Among the other proposals spelled out by Finance Committee aides:

Each hospital would be required to develop and promote a written policy for providing charity care. Hospitals could not charge needy patients who lack insurance more than the hospital spent on treatment and care. Each hospital would be required to conduct an assessment of local needs every three years to determine whether its services are reaching vulnerable populations. Less than 25 percent of the members of a hospital’s board of directors could be employed by the hospital or benefit financially either directly or indirectly from its activities. Government would provide greater oversight of what happens to an institution’s assets when nonprofit hospitals transfer those assets to for-profit entities.

But the most substantial — and controversial — requirement would be the 5 percent threshold for charity care.

Today, nonprofit hospitals do not have to prove they have dedicated a specific percentage of their budgets to charity care. Many hospitals say they serve their communities in other ways that go beyond the amount of charity care they provide — and that they deserve their tax-exempt status because they provide other types of benefits, such as emergency care and health education.

The proposal would also prohibit hospitals from including so-called “bad debt” when they are calculating how much charity care they provide. Some nonprofit hospitals currently bill patients for care and, when payment is not received, reclassify that debt as charity care.

Of the hospitals surveyed by the IRS, 44 percent reported that they include bad debt in their uncompensated care totals.

Such a measure does not have the support of hospital leaders, who say the long-standing community-benefit standard is already working.

The American Hospital Association in Washington, which represents about 4,800 hospitals, said the recent effort to require more-detailed financial disclosure from nonprofit hospitals on the Form 990 informational tax return is the logical next step in making sure hospitals are fulfilling their missions.

The changes, which would require hospitals to more clearly spell out their expenditures for charity care, bad debt, and issues like Medicaid and Medicare shortfalls, will help the government and the public get a better understanding of how nonprofit hospitals are earning their tax breaks, said Mindy Hatton, general counsel of the American Hospital Association.

““Until the communities start looking at this in a uniform format and policymakers start looking at it in a uniform format, it’s preemptive to suggest any particular policy or to suggest that the community benefit standard is anything other than a wild success,”” Ms. Hatton said.

Ms. Hatton said the results of the IRS report show that hospitals are providing important services to their communities.

““People are getting care. ‘Community benefit’ in the report was underreported in the first place,”” she said. ““Nonprofit hospitals are doing the best they can to help people who can’t afford care to get care. The situation is very different that it was even a few years ago.””

However, some consumer activists said the ideas promoted by the Senate aides were important changes.
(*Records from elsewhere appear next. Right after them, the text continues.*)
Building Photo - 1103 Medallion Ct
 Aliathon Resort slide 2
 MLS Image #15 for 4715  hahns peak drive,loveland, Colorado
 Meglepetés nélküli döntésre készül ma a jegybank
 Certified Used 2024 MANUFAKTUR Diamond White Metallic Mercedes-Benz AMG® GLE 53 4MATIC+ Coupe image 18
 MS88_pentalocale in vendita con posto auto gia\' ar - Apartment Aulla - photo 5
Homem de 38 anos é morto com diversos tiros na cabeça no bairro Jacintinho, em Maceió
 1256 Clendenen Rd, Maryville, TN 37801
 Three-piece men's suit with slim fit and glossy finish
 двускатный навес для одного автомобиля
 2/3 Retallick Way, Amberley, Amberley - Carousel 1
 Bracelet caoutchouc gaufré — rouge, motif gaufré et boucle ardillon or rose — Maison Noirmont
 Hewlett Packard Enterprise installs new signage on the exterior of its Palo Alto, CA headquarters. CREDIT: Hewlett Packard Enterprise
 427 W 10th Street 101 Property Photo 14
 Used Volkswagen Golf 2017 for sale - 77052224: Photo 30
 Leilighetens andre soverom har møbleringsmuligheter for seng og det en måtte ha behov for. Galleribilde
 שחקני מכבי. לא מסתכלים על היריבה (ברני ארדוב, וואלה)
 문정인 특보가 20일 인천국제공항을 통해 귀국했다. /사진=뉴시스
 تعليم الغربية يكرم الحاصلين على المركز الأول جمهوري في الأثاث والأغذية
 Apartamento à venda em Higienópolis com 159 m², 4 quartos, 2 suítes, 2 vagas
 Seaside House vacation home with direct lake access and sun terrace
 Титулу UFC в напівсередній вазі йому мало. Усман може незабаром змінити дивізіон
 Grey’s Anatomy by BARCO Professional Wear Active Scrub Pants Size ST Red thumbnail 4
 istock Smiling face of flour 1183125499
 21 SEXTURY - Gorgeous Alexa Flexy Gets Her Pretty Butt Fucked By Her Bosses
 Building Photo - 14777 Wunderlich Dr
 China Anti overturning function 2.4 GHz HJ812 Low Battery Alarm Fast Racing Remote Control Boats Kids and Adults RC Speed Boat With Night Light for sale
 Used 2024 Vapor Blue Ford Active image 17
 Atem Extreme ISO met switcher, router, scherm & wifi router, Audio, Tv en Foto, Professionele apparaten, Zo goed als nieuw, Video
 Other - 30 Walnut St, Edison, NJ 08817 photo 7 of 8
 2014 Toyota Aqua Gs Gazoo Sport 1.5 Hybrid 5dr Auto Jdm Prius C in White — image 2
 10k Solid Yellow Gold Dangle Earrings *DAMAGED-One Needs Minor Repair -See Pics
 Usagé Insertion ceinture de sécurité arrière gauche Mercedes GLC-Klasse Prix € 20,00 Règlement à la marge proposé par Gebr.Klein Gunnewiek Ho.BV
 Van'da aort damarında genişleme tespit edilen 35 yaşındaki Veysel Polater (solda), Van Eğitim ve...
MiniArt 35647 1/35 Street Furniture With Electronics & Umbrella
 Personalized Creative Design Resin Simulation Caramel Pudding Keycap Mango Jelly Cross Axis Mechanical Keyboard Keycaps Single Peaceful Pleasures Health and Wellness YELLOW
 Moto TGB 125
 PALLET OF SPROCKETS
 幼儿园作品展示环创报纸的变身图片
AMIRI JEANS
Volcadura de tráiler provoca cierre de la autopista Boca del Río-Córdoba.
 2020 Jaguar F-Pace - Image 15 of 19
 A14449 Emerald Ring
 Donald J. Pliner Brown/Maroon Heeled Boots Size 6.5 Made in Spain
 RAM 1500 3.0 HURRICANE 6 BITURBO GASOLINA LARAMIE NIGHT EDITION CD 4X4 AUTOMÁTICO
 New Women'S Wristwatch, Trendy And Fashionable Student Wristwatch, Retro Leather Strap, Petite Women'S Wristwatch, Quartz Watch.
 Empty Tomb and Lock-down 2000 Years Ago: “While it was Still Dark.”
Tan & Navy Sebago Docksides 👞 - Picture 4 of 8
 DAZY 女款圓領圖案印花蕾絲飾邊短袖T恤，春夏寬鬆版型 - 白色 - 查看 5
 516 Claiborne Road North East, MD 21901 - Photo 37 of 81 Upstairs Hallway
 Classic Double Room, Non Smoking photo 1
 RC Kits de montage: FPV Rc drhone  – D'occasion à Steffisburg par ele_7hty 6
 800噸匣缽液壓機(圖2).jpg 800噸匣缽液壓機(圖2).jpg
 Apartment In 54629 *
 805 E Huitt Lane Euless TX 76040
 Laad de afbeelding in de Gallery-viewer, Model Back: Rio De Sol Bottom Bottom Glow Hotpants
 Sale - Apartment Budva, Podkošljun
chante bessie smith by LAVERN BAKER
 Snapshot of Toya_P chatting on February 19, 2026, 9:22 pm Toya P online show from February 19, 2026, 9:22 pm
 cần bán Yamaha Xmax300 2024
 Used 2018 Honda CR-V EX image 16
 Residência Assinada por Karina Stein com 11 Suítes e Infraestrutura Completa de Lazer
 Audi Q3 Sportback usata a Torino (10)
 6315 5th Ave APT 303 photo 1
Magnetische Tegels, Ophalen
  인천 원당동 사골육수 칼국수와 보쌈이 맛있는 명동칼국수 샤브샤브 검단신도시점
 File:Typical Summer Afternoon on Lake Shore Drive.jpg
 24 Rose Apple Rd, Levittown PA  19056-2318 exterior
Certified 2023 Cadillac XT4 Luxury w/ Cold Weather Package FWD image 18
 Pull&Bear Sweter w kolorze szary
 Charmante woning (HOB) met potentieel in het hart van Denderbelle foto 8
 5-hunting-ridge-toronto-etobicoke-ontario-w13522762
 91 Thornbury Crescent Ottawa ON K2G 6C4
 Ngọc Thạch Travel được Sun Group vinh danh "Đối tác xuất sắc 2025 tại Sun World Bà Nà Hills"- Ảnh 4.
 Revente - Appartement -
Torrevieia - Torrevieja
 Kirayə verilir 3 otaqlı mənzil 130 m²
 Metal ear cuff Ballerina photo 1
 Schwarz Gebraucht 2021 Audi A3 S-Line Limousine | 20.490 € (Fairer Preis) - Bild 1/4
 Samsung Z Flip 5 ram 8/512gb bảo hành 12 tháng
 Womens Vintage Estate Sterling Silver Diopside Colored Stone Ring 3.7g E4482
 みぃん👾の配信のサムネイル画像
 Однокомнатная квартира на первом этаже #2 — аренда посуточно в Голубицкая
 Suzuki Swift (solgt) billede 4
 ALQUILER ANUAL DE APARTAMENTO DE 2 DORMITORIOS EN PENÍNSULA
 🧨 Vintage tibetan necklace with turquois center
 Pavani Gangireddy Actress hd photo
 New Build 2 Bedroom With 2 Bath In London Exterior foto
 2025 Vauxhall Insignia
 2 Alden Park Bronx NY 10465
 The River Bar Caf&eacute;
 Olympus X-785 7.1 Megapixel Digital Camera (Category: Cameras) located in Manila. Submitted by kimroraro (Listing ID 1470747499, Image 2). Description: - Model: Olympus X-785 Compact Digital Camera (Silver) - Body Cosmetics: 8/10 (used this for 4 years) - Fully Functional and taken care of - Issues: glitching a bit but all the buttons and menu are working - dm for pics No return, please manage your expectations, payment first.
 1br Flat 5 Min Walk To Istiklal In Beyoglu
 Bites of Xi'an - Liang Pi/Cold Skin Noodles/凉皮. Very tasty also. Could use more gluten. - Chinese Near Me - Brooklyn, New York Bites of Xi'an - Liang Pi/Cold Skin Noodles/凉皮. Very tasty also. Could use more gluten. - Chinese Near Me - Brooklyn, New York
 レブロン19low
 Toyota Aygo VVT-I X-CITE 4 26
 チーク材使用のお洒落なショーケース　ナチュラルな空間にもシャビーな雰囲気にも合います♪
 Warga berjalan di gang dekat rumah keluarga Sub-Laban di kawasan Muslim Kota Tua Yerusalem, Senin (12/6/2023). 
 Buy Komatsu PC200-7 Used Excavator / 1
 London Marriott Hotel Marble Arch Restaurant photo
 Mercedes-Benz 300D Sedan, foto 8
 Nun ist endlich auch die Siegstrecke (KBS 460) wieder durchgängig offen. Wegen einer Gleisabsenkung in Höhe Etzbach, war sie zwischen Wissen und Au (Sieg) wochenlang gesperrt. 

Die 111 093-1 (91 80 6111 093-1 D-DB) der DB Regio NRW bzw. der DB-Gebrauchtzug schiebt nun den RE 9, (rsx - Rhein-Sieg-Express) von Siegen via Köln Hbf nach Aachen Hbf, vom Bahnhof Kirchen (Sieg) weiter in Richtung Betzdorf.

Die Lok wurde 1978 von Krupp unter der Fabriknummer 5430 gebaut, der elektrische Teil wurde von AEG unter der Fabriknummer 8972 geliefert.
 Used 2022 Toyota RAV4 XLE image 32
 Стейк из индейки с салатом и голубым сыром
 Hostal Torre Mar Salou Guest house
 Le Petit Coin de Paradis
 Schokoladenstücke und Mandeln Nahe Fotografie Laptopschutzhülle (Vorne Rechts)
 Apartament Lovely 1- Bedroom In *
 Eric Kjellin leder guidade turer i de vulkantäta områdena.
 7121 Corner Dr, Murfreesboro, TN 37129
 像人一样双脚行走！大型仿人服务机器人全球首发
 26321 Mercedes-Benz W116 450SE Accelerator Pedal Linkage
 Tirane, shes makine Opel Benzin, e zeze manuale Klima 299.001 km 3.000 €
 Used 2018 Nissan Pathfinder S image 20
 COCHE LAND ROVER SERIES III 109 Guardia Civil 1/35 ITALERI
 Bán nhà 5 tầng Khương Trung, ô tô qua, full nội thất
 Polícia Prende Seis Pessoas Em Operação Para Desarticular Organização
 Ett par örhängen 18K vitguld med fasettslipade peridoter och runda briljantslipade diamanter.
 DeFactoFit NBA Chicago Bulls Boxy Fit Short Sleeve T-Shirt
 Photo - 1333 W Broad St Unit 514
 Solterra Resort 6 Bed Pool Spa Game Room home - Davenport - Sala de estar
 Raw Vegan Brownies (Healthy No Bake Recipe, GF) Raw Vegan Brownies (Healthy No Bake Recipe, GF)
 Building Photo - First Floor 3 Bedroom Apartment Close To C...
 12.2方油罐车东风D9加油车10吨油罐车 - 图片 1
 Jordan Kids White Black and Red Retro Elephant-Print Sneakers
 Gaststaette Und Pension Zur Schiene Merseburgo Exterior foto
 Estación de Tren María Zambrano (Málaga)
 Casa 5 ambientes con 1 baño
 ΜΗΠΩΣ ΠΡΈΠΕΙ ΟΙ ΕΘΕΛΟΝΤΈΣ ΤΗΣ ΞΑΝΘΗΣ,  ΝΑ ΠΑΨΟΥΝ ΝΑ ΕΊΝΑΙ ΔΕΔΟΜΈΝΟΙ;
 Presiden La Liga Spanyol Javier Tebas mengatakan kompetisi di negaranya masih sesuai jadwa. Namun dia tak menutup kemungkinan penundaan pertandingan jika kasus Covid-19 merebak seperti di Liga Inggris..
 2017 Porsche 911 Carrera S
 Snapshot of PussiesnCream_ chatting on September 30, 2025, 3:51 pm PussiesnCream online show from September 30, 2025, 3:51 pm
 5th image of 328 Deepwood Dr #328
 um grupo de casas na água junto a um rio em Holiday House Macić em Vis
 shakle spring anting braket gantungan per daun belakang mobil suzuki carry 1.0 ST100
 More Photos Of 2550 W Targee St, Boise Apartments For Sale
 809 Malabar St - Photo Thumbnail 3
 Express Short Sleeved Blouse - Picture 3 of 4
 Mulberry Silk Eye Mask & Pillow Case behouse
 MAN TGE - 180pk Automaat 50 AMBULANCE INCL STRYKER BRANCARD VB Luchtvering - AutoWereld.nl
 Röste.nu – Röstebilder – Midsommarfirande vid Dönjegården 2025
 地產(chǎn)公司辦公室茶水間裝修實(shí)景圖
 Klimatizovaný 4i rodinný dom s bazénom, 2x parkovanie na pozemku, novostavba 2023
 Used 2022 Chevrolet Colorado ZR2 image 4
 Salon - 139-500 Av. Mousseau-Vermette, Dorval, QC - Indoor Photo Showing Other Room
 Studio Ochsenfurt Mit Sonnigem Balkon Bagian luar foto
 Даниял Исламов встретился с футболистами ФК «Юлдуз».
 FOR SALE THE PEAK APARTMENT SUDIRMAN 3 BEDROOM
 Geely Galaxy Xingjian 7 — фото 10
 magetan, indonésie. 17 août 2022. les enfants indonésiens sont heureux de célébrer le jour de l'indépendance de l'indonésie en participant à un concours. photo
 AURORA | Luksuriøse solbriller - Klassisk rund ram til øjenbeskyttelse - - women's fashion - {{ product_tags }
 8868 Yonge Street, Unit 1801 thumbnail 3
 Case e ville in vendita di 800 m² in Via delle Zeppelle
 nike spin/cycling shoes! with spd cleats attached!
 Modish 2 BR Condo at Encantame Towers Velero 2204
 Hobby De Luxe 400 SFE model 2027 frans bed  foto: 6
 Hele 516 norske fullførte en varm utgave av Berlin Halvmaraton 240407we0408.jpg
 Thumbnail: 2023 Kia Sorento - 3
Laurie Sobel, a senior staff attorney at the Consumers Union in San Francisco, said establishing the 5-percent threshold is a necessary step in making sure nonprofit hospitals are serving the public good.

“That’s a percentage that we have supported,” Ms. Sobel says. “This proposal is on the right track for providing more accountability for nonprofit hospitals and, from the community’s standpoint, in providing access to health care.”

The IRS, meanwhile, plans to conduct a deeper analysis of how hospitals calculate the amount of free care they provide with the goal of finding out whether nonprofit hospitals are complying with the law.

“The lack of consistency or uniformity in classifying and reporting uncompensated care and various types of community benefit often makes it difficult to assess whether a hospital is in compliance with current law,” said Lois G. Lerner, director of the IRS’s Exempt Organizations division, in a written statement . “That’s one reason more analysis is needed.”